As Jeremy Corbyn continues his seemingly unstoppable march on Brewer Street – now with three of the five big unions having rallied to his banner – many Conservatives are little short of gleeful.
This is not least because of the impression that his rise is being fuelled by tens of thousands of hard-left entryists from the Greens, Communists and sundry other parties and sects, so beguiled by the promise of backward-looking doctrinal purity that winning the 2020 election is almost an afterthought.
Yet before the Tory family gets too pleased with itself, we should remember that we are not above such spasms: in the years after 1997 the history of the party is one of a wilful refusal to confront the compromises necessary to win.
Whilst currently in an unexpectedly strong position, the EU referendum risks re-opening those wounds, and in the aftermath of that we face both a slew of selections for the general election and almost certainly a leadership contest.
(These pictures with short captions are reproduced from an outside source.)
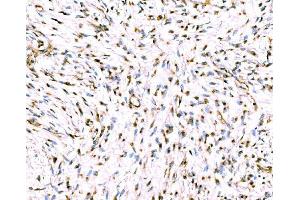 IHC analysis of Giantin/GOLGB1 using anti-Giantin/GOLGB1 antibody (ABIN7600139).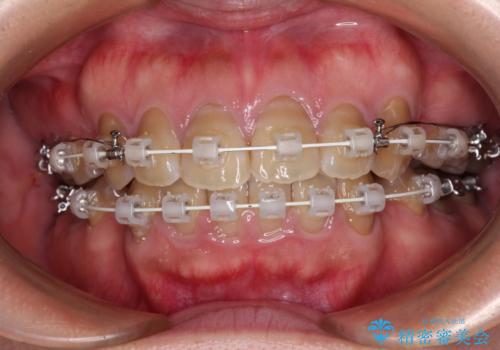 横顔の印象が大きく変わる ワイヤー装置での抜歯矯正の治療中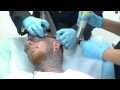 Crazy Video of Man Getting Face Tattoo Removed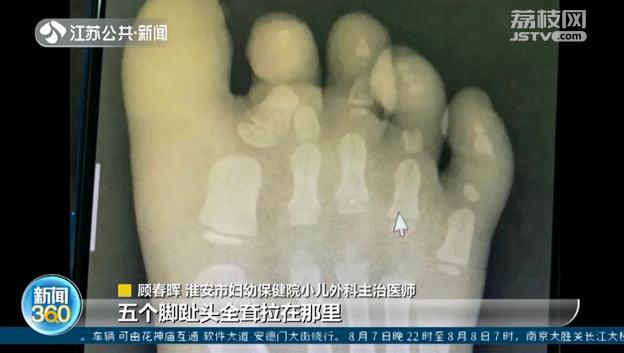 不慎启动压面机 两岁女孩瞬间被&ldquo;咬&rdquo;断5根脚趾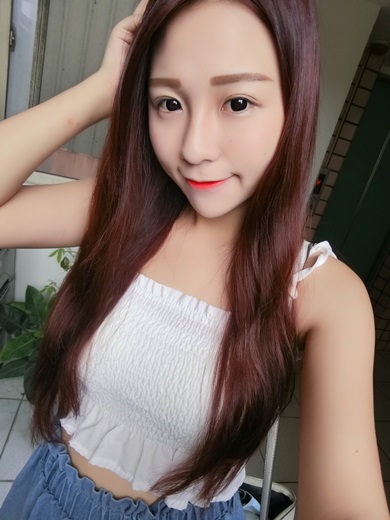 推薦花蓮 醫美診所 評價超好 玻尿酸和肉毒桿菌微整形效果很厲害 Beautytoday美麗線上 台灣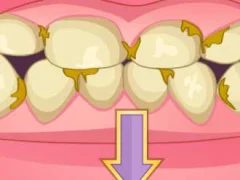 Hra Bad Teeth Makeover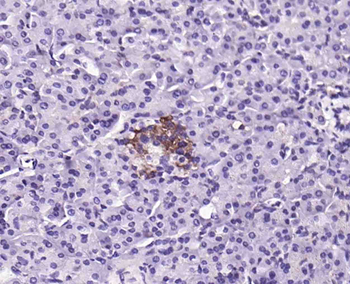 Big dynorphin Rabbit Polyclonal Antibody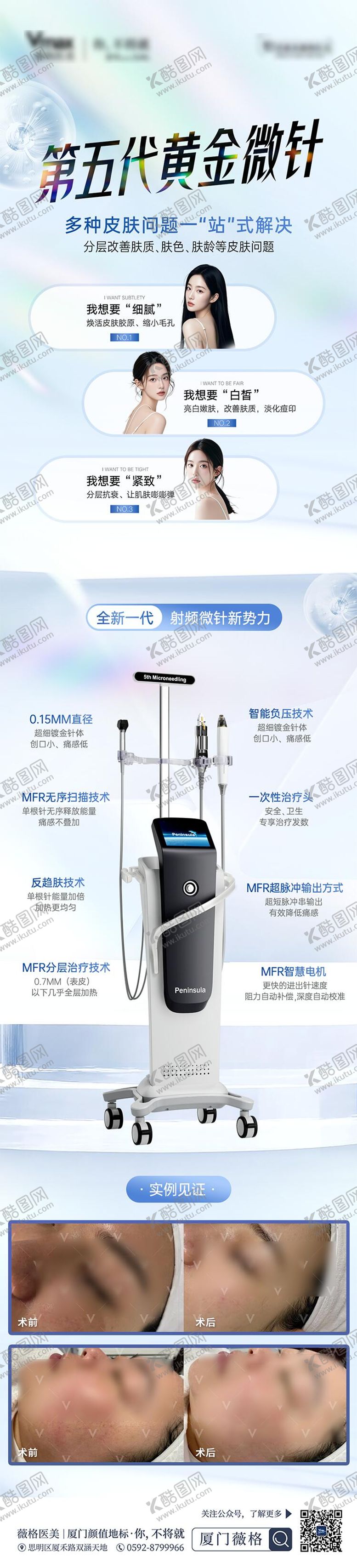 编号：66100811061323428410【酷图网】源文件下载-医美第五代黄金微针宣传科普案例对比
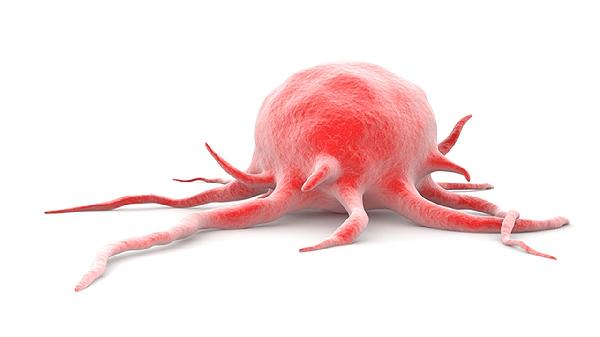 肿瘤五项只有CA199偏高49.4怎么回事 怎么办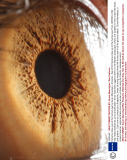 Extreme close ups of the human eye by Suren Manvelyan, Armenia - Sep 2010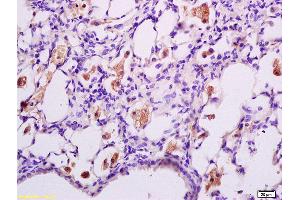 Formalin-fixed and paraffin embedded rat lung tissue labeled with Anti phospho-IFNAR1(Ser535+Ser539) Polyclonal Antibody,Unconjugated (ABIN802353) at 1:200 followed by conjugation to the secondary antibody and DAB staining. (IFNAR1 抗体  (pSer535, pSer538))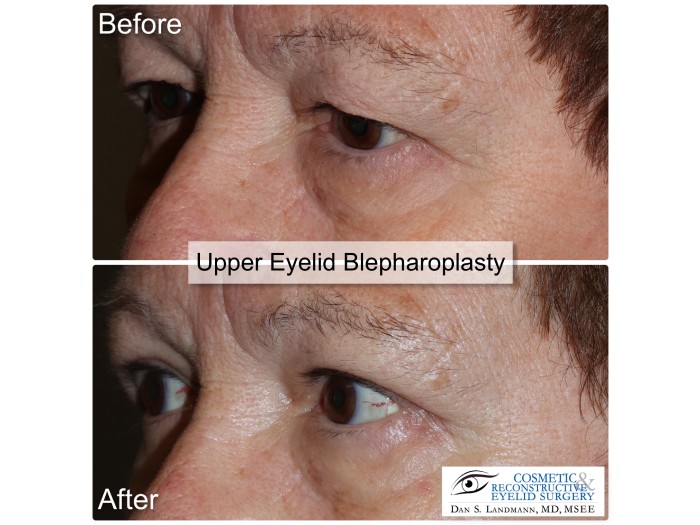 Before and after photos of a man's eyelid from droopy and saggy to a more open and defined eyelids from an Upper Eyelid Blepharoplasty at Cosmetic & Reconstructive Eyelid Surgery in River Edge, New Jersey.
So it’s worth considering the question: could outside forces hijack our democratic processes as they have Labour’s?
There are certainly those who might wish to do so. UKIP may be larger and more potent than the Greens and sundry sects and micro-parties of the far left, but some Kippers could still favour entryist tactics, whether they be People’s Army loyalists hoping to destroy a rival or former Tories trying to ‘reclaim’ their old party.
There are also left-wingers who might wish to lumber us with an unelectable candidate in much the same spirit as Tories for Corbyn. Indeed, one of the criticisms of T4C is that breaking the gentlemen’s agreement on internal democracy makes such retaliation more likely.
However, a critical difference is that unlike the Blair years – or Labour now – our members are not reeling from rejection and defeat. The mass of the membership seems much less likely to embrace a candidate too far from the mainstream, and regardless of infiltration Corbyn’s campaign rests on his undeniable appeal to a huge chunk of the Labour membership.
The first test is the party’s contest for the London Mayor candidate. The final shortlist of four will be put to an open primary, with an electorate comprising both members and anyone on the London electoral register who registers as a supporter and pays a £1 fee.
The Party is aware of the danger – one of the upsides of the Corbyn phenomenon may have been that the risk of undue influence in party selections has been put under the spotlight. Whilst we don’t know what specific measures the party has in place, several risk-mitigating factors suggest themselves.
The first is that there simply isn’t a Corbyn-like candidate on the shortlist. However voters might feel about the options individually, none of them is a hard-line cliché and serial rebel on the level of the MP for Islington North.
Political opponents sufficiently partisan to countenance entryism might also balk at having to hand over their name, address and credit card details, not to mention that precious pound, to the Tories.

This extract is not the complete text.